Пиркес подошел и поздоровался.

— Война, хлопцы?

— Война не война, а заслужил — по морде на!

Они пошли втроем. Золотарь выглядел уныло, как всегда.

— Э! — обиженно ворчал он. — И дела никакого, а конца-края тоже не видать. Морду кому-нибудь набить, действительно, надо…

На заборе против депо висело какое-то свежее объявление. Они подошли и прочитали. Это было сообщение немецкого командования об аресте первого стачечного комитета. Оно грозно предупреждало, что «второй будет обнаружен и выслан в концентрационный лагерь, а третий расстрелян без суда». Подписано: «Комендант И-К отряда полковник фон Таймо». «И» и «К» означали «императорского и королевского», то есть австро-германского.

— Ик! — шутя икнул Стах. — Гляди, Таймо, икнется тебе, когда мы о тебе вспомним…

Пиркес вынул из кармана карандаш — огрызок обыкновенного красного карандаша, которым он, еще когда работал в кафе, отмечал на стенке крестиками, чтобы его не обмишурил буфетчик, количество поданных на столы бутылок пива.

Пиркес бросил взгляд направо и налево — вокруг и близко никого не было — и быстро обвел красным кругом подпись фон Таймо. Потом наискосок через все объявление написал:

«Полковник Таймо присужден к расстрелу».

Из-за угла в эту минуту вылетел черный лаковый кабриолет. Под тонкой серебристой сеткой плавной иноходью шел знаменитый арабский жеребец из конюшен графа Гейдена. Ребята отпрянули от забора. Кабриолет мелькнул мимо. В нем восседал седой, весь в орденских ленточках, австрийский офицер и рядом с ним молоденькая учительница немецкого языка Аглая Викентьевна.

— Ишь, шкура… — флегматично обронил сквозь зубы Золотарь.

— Нет такого дерева, чтоб на него птицы не садились, — начал Стах и уже открыл было рот, чтобы отчебучить что-то веселое и не совсем приличное, но Пиркес его перебил.

— Вот что, хлопцы, — заговорил Пиркес, заикаясь от волнения, — дальше так нельзя!

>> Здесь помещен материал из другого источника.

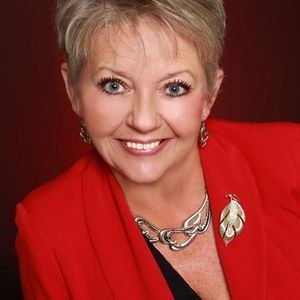 Meet your Posher, Candy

Надо создать боевую дружину. Достанем бомбу и бросим в Таймо. Мы назовем дружину «Красный круг», — вдруг придумал Пиркес. — С одной стороны, это будет круг красных друзей, а с другой стороны — кто в этот круг попадет, тому…

Но Стах вдруг стал серьезен и даже рассудителен:

— Погоди, голуба. Не лезь поперед батька в пекло. Есть люди постарше, им лучше знать, что к чему… Поспрошать надо, тогда уж…

— А-а! — рассердился Пиркес и, не попрощавшись, ушел.

Взволнованный, целиком захваченный своей идеей, пришел Пиркес в «Кафе безработных офицеров». Проходя мимо книжного магазина, он, однако, на минуту задержался. Выставленные на витрине портреты гетмана Скоропадского и генерала Эйхгорна привлекли его внимание. Он поколебался одно мгновение, потом быстро вошел в магазин. За две последние кроны он приобрел оба и, свернув их трубкой, теперь уже не спеша направился в кафе.